写真:点字ディスプレイを用いてパソコンを操作する視覚障害者
技術革新が促す障害者の社会参画 ―実用化に向けたロードマップの作成を
1990年代からICTの活用に注目
モノのインターネット( I o T ) や人工知能(AI)などの技術の進歩により、障害の有無に関わらず、皆が同じように仕事をできる環境が広がりつつある。例えば、ある国際会議の準備において、シンガポールの担当者は開催まであとわずかという時、それまでメールで連絡を取り合っていた東京やバンコクの担当者に「電話で打ち合わせをしよう」と呼び掛けた。すると、東京の担当者から「私は耳が聞こえないので、これまでどおりメールにしてほしい」と返信がきて、シンガポールの担当者は驚いた。電子メールという今日では当たり前となっている技術でも、障害者が社会で活躍できる機会を与えてくれるのだ。
日本財団は、障害当事者リーダーの育成や障害当事者による相互支援の促進に注力する中で、20年以上にわたりICTを使った情報コミュニケーションや情報アクセスの向上に重点を置いてきた。

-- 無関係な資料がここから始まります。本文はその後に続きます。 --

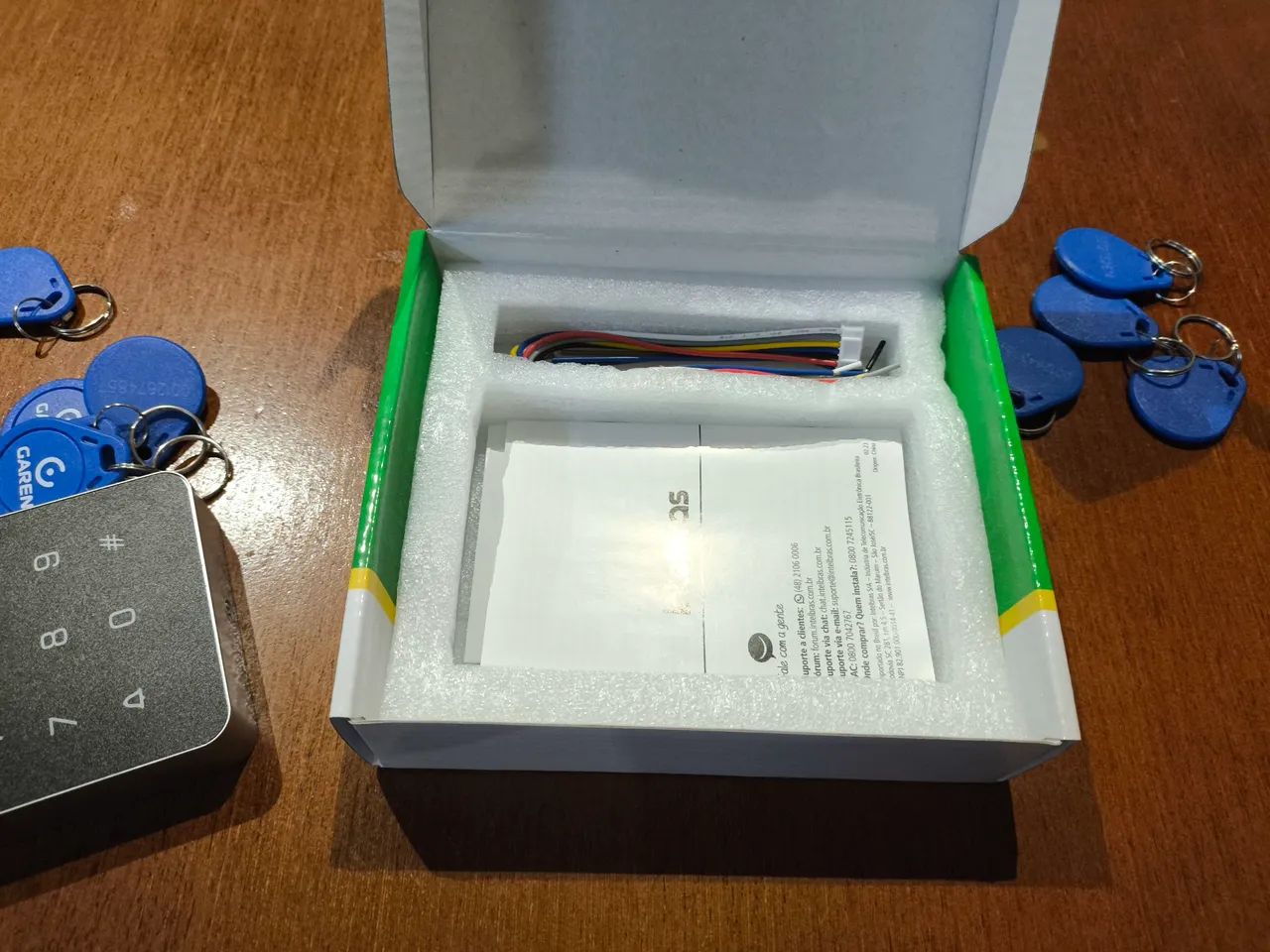 Controlador de Acesso - Digiprox SA 202 - Intelbras  - Foto 3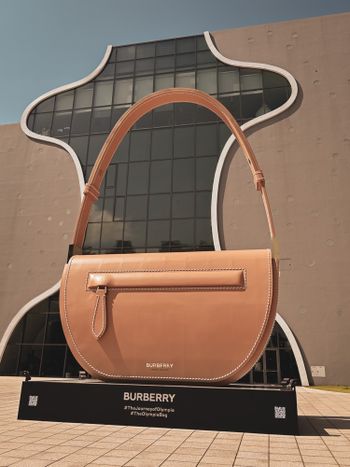 Burberry Olympia bag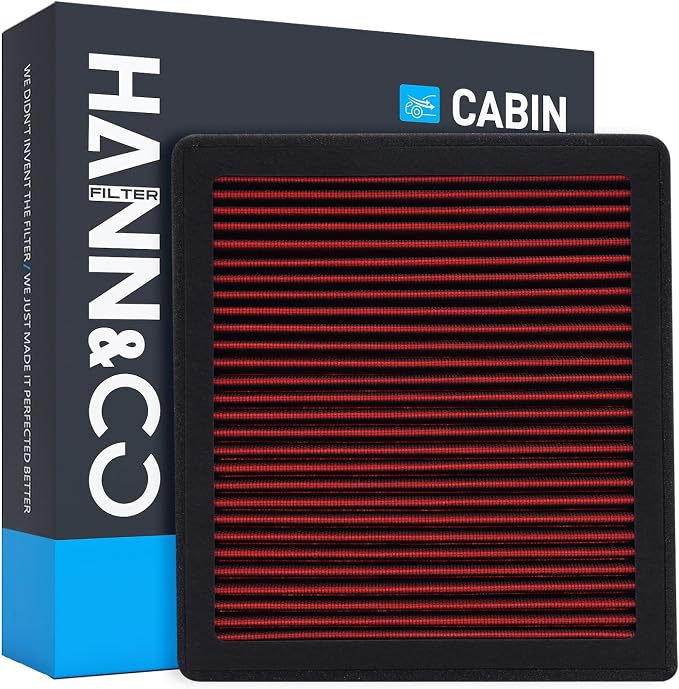 HANN&CO Washable Reusable High Flow Durable Cabin Air Filter（HCC2128-X） | by Unknown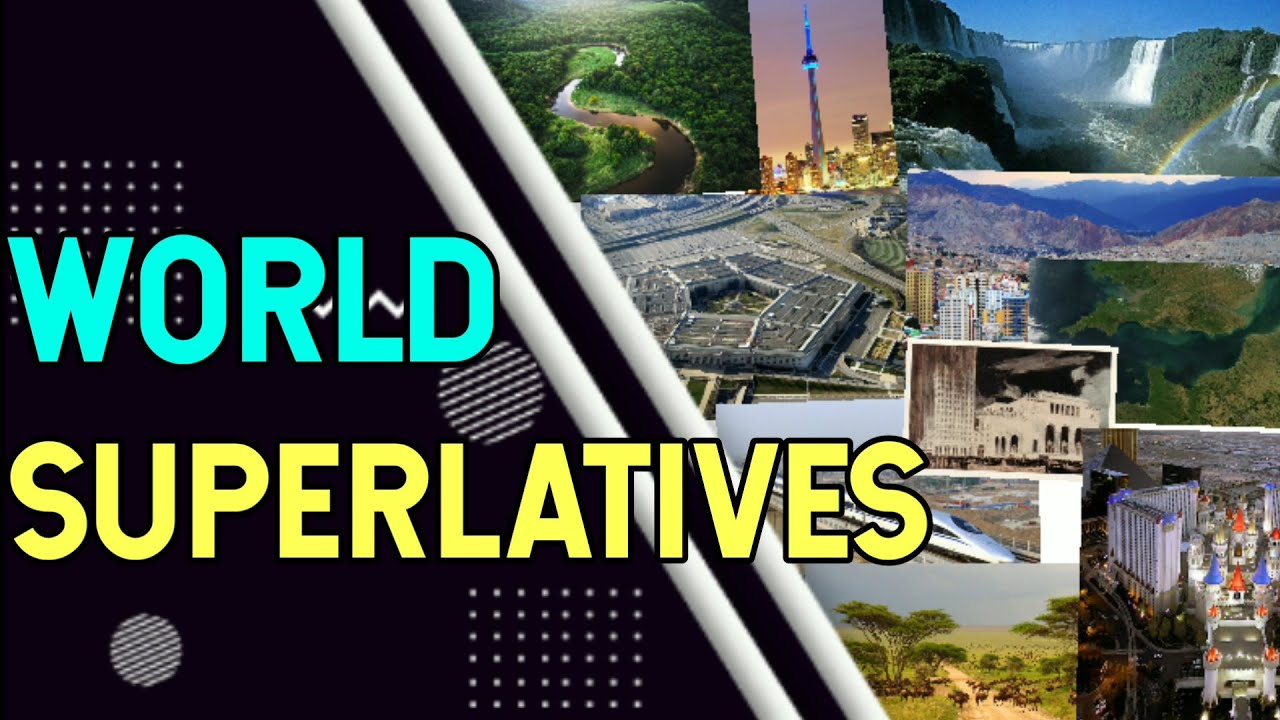 World Superlatives | World Geograhy | Part 4 | World's Knowledge Book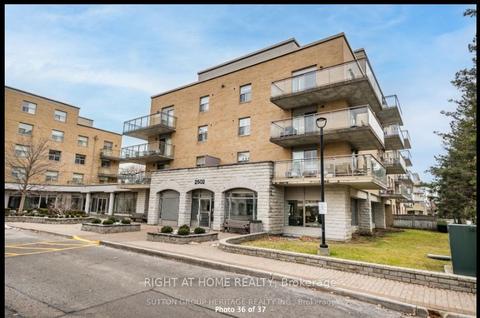 409 - 2502 Rutherford Rd, Condo with 1 bedrooms, 2 bathrooms and 0 parking in Vaughan ON | Card Image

最初の取り組みは、1998年に始まった東南アジア諸国連合(ASEAN)地域の視覚障害者を対象とする「視覚障害者教育技術におけるオーバーブルック・日本ネットワーク事業」( 通称O N -NET)だ。パートナーである米国のオーバーブルック盲学校は、米パーキンス盲学校と並び、国際貢献に力を入れていることで世界的に知られている。98年以前、日本財団は開発途上国における視覚障害学生の米国留学に奨学金を提供してきた。しかし、ASEAN諸国の経済発展に伴い、視覚障害学生は米国へ留学せずとも母国で教育を受けられるようになった。そこで、ON-NETを通じてASEAN諸国の就学環境を向上させ、留学支援と同じ資金規模でより多くの学生に教育機会を与えているのだ。

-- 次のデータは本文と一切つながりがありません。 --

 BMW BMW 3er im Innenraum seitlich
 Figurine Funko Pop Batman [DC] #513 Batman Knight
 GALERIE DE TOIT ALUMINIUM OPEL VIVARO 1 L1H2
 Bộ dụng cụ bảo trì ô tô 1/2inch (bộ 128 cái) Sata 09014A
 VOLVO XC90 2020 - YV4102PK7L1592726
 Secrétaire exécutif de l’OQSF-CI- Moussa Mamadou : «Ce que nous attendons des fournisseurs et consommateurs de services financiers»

具体的には、現地語の点訳ソフトやコンピューター・スクリーンの文字などを読み上げるソフトの開発と普及、点字ディスプレイなどの機器の供与、支援技術の普及に携わる人材の育成などを行っている。事業は今も、オーバーブルック盲学校に設置した基金により継続されている。加えて、ON-NETの派生事業として現在、国際視覚障害者教育評議会が障害当事者リーダーの育成を目指した大学就学支援事業を実施している。
アプリ開発やロボット利用も
2003~07年には「Digital Accessible InformationSystem」(通称DAISY)という、視覚障害者のためのデジタル録音図書の国際標準規格をアジアに普及するプロジェクトも支援した。さらに13~16年、開発途上国の視覚障害者にとって高価だったコンピューター・スクリーン読み上げソフト「NVDA」の普及も支援した。
このほか、車椅子利用者などへの支援として、(株)ミライロと協力して商業施設や公共施設のバリアフリー情報を発信するアプリ「Bmaps」を2016年に開発した。Bmapsには全国10万超の店舗や施設が登録されており、それらの入口の段差の数、トイレのアクセシビリティー、照明の明るさなど、17項目についての情報を知ることができる。現時点でレビュー数は12万件を超えており、アプリはすでに、英語版、スペイン語版もある。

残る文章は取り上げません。